> _EXERCISE DATA_
—————
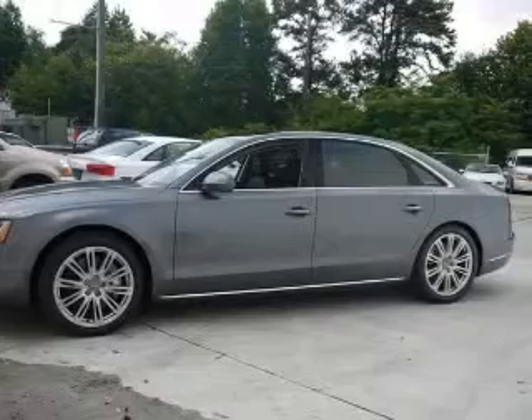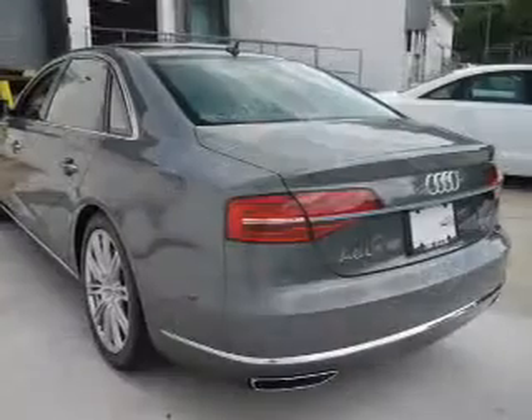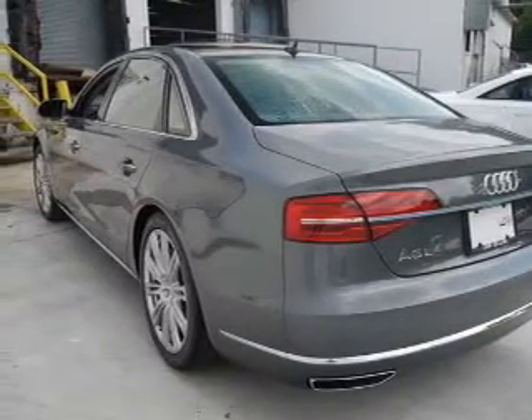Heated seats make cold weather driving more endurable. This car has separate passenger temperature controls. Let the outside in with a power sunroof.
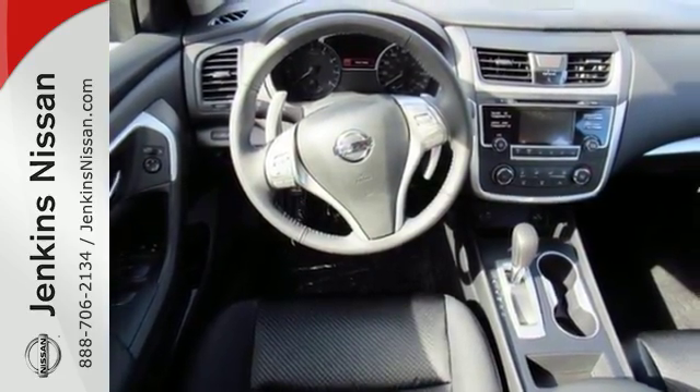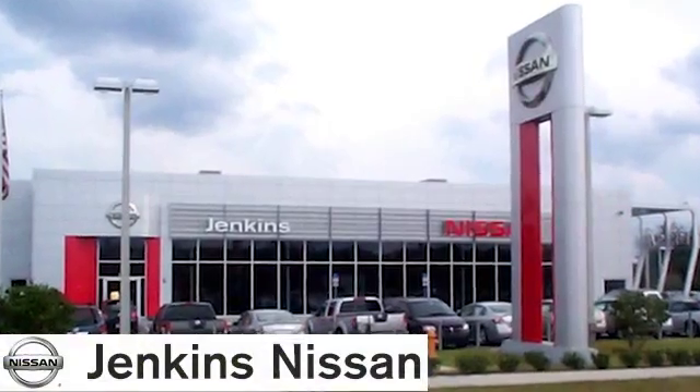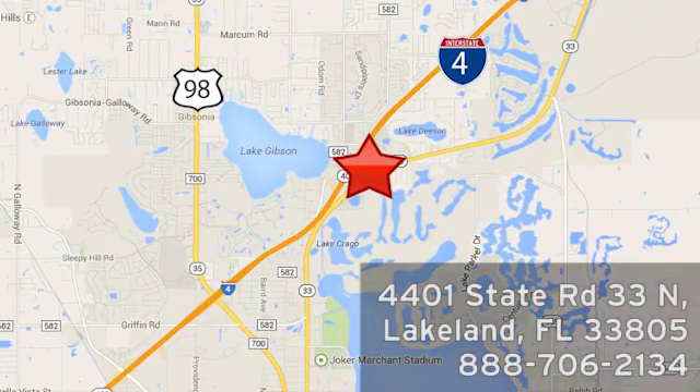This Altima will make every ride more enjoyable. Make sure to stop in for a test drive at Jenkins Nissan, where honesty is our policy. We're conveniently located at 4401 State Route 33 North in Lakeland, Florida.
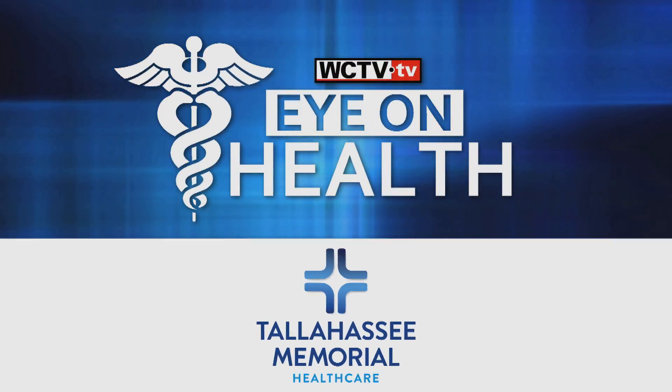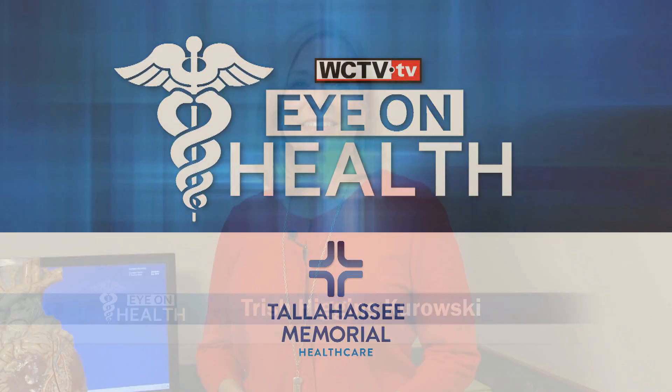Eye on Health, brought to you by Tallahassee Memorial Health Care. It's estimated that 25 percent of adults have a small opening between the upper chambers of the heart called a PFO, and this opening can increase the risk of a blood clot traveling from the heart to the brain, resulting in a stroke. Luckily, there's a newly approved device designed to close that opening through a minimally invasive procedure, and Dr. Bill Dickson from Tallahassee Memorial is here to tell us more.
—————
> _WORK ITEM_
Nothing should appear in the answer except the lines from the first line of the data through the line holding "This Altima will", exactly as written, with pictures left out.

> _EXPECTED ANSWER_
Heated seats make cold weather driving more endurable. This car has separate passenger temperature controls. Let the outside in with a power sunroof.
This Altima will make every ride more enjoyable. Make sure to stop in for a test drive at Jenkins Nissan, where honesty is our policy. We're conveniently located at 4401 State Route 33 North in Lakeland, Florida.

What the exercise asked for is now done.